But no burial logs. No maps. No crosses. No grief.
Just entries in a book:
Female, aged 3 months. Cause: Marasmus.
Male, aged 1 year. Cause: Whooping cough.
But here’s the thing:
Babies don’t starve in countries with milk.
They don’t die en masse in peacetime unless someone lets them.
They died of “natural causes,” said the Church.
But that’s the thing about nature, it doesn’t erase babies in bulk.
If history is a grave, Catherine Corless is the woman who unearthed it.
She’s no radical. No revolutionary.
A local historian. A farmer’s wife. A practicing Catholic.
But when she asked where the children of Tuam were buried, nobody had an answer.
She found the death records, nearly 800 of them.
But no graves. No headstones. Just an empty patch behind the old home. Paved over and played on.
And so she dug. Metaphorically at first. Then literally.
And in 2016, excavation teams uncovered what the whispers had always known.
Bones. Infant bones.
Layered. Rotting.
Packed into wet earth beneath a tank built to carry human waste.

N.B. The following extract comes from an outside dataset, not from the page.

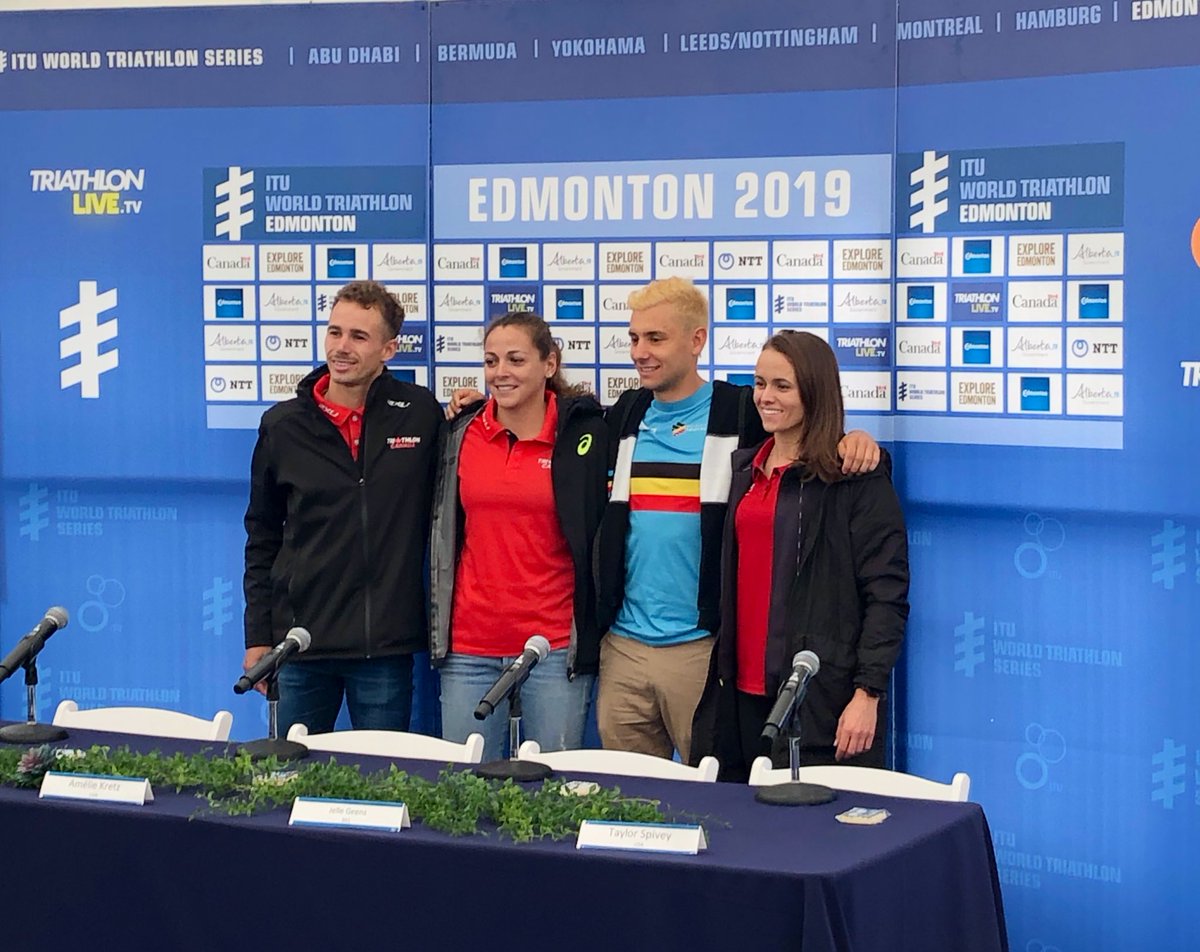 donorthevents's tweet photo. Press conference and bike familiarization make for an exciting morning down at Hawrelak Park. Can’t wait for the rest of the weekend! #cometriwithus #wtsedmonton https://t.co/77JRAJJ8qY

Chambers not meant for the dead.
The headlines broke.
The BBC ran it. The New York Times. Al Jazeera.
Suddenly, Tuam was not a town. It was a crime scene.
And the Irish government?
It did what Ireland always does:
Soft apology. Slow inquiry. No accountability.
The Bon Secours Sisters issued a press release.
Full of sorrow. Full of Scripture. Empty of ownership.
No arrests. No convictions. No names.
The State promised exhumation. A memorial. A reckoning.
Years later, most of the remains are still in the ground. Still waiting.
Tuam wasn’t an accident. It was part of a network.
Dozens of homes. Thousands of children.
The Irish government handed women to the Church like cattle.
Priests whispered. Neighbours gossiped. And the nuns obeyed.
It was one node in a vast machine.
Magdalene Laundries. Other mother and baby homes. Industrial schools. All part of a coordinated architecture of control.
Where shame was currency. And the Church was bank, judge, and executioner.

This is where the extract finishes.